Aristopopulists like JD Vance can offer only empty promises to the working class
‘The tragedy of Trump’s candidacy is that, embedded in his furious exhortations against Muslims and Mexicans and trade deals gone awry is a message that America’s white poor don’t need: that everything wrong in your life is someone else’s fault.”
That was JD Vance, Donald Trump’s pick for vice-president, writing on the eve of the 2016 presidential election about the man who is now his boss. Trump, Vance wrote in another essay, serves up “cultural heroin”, his promises “the needle in America’s collective vein”, providing an “easy escape from the pain”. Voters would eventually have to “trade the quick high of ‘Make America Great Again’ for real medicine”.
It is Vance, though, who has made the trade, and in the opposite direction. Two years ago, battling to be Ohio’s Republican candidate for the Senate, he realised the need for Trump’s endorsement, so backtracked, “regretting” his earlier criticisms.
Trump, in turn, recognises in Vance a useful asset in cementing working-class support.
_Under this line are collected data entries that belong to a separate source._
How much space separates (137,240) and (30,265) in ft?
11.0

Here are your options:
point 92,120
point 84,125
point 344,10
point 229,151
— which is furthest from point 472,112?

Vance may be an Ivy League-educated lawyer and venture capitalist, and a politician heavily backed by Silicon Valley billionaires, but he grew up in the decaying steel town of Middletown, Ohio, the descendant of hillbillies who had migrated in search of jobs. Raised in poverty and within a dysfunctional family, Vance escaped by joining the marines, before studying law at Yale University, giving him entry into the highest echelons of American society.
An elite voice who understood the realities of working-class life, Vance became, for mainstream commentators, one of “us” who could speak about “them”, a guide to what many consider a mysterious species: poor white people living precarious lives.